Мирно и покойно почивал и брат мой Зяма на травяном ложе в зыбкой тени большого куста шиповника. Я обнаружила его, наскоро исследовав местность короткими перебежками с одного островка жидкой тени на другой.

– У кого-то совсем нет совести! – громко посетовала я, руки в боки встав над сладко посапывающим братцем. – Тебя же за молоком послали!

– И что? – Зяма сел и потер щеку, на которой красиво отпечатался разлапистый листочек. – Совести нет, но молоко есть.

Он пошарил в зарослях диких каперсов и продемонстрировал пакет с логотипом супермаркета.

– Оно же скиснет на этой жаре!

– Не скиснет, я взял ультрапастеризованное, – зевнув, успокоил меня братец. – И это термопакет, он превосходно держит температуру. Зачем ты явилась, Дюха, я так прекрасно спал!

– Угу, а теперь так же прекрасно поработаешь лопатой. – Я одной рукой подхватила пакет, а другой настойчиво потянула Зяму за полу рубашечки. – Вставай! Полковник Кузнецов объявил мобилизацию на рытье окопов, и жена тебя уже потеряла.

– Не говори ей, что я тут спал, – попросил Зяма, отряхивая модные штанишки. – Она обидится, но я уже просто не могу с этими бессонными ночами… Мне проект сдавать, а я не соображаю ничего, в голове только одна мысль – поспать бы…

– Так и быть, я не выдам тебя, – пообещала я. – Скажем, что ты на крутой лестнице ногу подвернул и полз по ней домой, к жене и сыну, из последних сил, если бы не я – вообще не поднялся бы. Хромать только не забудь!

– Так?

Братец поджал одну ногу, повис на моих плечах и жалобно застонал:

– Брось меня… Брось, сестра, не донесешь…

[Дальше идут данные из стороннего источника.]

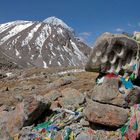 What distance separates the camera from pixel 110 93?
16766mm

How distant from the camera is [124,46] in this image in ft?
54.7

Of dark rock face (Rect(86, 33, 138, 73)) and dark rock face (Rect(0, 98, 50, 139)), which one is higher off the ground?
dark rock face (Rect(86, 33, 138, 73))

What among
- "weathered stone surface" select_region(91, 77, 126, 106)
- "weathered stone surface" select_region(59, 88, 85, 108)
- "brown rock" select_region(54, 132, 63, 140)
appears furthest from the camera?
"weathered stone surface" select_region(59, 88, 85, 108)

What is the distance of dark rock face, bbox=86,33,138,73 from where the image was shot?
1661cm

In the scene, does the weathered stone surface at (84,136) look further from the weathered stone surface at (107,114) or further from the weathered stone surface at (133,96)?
the weathered stone surface at (133,96)

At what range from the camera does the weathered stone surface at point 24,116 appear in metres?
19.2

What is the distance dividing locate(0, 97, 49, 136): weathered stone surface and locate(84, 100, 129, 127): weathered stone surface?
141 inches

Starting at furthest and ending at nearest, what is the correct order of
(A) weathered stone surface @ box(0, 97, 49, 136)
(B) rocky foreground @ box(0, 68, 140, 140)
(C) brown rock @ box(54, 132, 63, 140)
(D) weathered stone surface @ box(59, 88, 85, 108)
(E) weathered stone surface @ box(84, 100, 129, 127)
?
(D) weathered stone surface @ box(59, 88, 85, 108) → (A) weathered stone surface @ box(0, 97, 49, 136) → (C) brown rock @ box(54, 132, 63, 140) → (B) rocky foreground @ box(0, 68, 140, 140) → (E) weathered stone surface @ box(84, 100, 129, 127)

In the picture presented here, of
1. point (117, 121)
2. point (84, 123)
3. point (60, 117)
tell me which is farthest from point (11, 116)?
point (117, 121)

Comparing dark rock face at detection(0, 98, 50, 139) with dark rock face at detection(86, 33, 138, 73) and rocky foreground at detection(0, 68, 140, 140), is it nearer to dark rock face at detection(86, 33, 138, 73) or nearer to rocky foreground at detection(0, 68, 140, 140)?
rocky foreground at detection(0, 68, 140, 140)

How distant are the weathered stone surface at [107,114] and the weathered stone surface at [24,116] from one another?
3574mm

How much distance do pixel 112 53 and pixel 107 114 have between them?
2.76m

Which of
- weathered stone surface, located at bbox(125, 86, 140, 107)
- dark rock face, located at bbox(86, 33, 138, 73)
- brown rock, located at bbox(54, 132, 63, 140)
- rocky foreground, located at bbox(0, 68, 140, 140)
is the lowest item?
brown rock, located at bbox(54, 132, 63, 140)

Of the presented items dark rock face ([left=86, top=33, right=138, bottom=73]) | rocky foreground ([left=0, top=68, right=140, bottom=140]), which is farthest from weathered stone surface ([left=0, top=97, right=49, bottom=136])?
dark rock face ([left=86, top=33, right=138, bottom=73]) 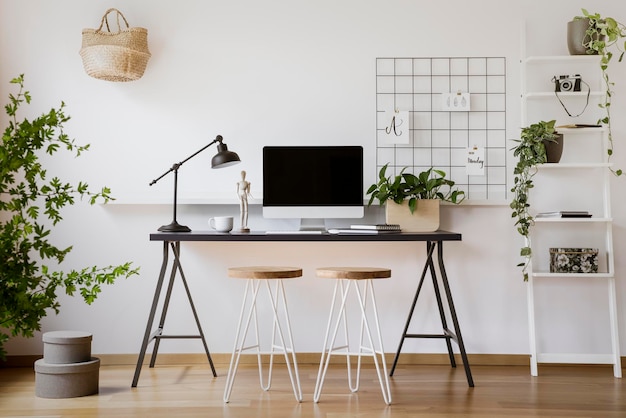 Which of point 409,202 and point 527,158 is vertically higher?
point 527,158

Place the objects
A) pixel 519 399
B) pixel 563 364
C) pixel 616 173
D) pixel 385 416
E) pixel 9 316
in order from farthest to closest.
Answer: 1. pixel 563 364
2. pixel 616 173
3. pixel 519 399
4. pixel 385 416
5. pixel 9 316

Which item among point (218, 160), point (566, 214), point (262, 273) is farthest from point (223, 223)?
Result: point (566, 214)

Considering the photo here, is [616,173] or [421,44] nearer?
[616,173]

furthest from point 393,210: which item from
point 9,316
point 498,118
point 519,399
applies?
point 9,316

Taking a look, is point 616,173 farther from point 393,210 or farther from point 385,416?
point 385,416

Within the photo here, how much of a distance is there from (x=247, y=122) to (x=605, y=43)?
6.77ft

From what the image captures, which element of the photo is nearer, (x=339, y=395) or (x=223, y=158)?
(x=339, y=395)

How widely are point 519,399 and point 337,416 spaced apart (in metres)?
0.92

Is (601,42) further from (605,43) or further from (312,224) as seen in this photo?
(312,224)

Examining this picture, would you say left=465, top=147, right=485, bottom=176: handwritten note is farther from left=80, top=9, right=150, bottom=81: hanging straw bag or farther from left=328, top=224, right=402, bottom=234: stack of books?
left=80, top=9, right=150, bottom=81: hanging straw bag

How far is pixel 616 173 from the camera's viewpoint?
386cm

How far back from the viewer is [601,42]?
381cm

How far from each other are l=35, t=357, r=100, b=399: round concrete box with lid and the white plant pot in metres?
1.75

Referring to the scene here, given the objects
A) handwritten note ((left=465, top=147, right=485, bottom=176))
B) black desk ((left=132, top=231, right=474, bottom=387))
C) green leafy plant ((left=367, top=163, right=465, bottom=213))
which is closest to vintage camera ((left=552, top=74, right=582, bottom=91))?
handwritten note ((left=465, top=147, right=485, bottom=176)) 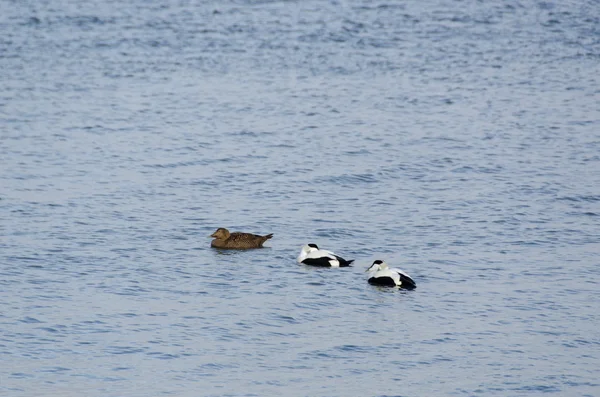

– Блин, ну ты и тяжелый! Иди нормально, висеть и стонать начнешь у нашей калитки!

Зяма прекратил изображать раненого бойца, зашагал бодро, задышал глубоко:

– Красота-а-а! Молодец наш папуля, что купил тут участок! Локация идеальная: вроде и в уединении, на природе, а курортный проспект со всеми его удовольствиями в двух шагах. Кстати, вы с Дэном собираетесь вечером на карнавал?

– Ой, карнавал! Совсем о нем забыла! Конечно, мы пойдем. А вы?

– И мы тоже, пращуры обещали поработать сегодня нянями.

Я фыркнула. Когда-то Зяма за глаза называл наших родителей просто предками, а теперь, с появлением малыша Акимки, повысил их в звании до пращуров. Вот мамуля рассвирепеет, если узнает! Ей еще пятидесяти пяти нет, а выглядит она максимум на сорок, как моя старшая сестра.

– Ты это слышишь? – Братец внезапно остановился и насторожил ушки.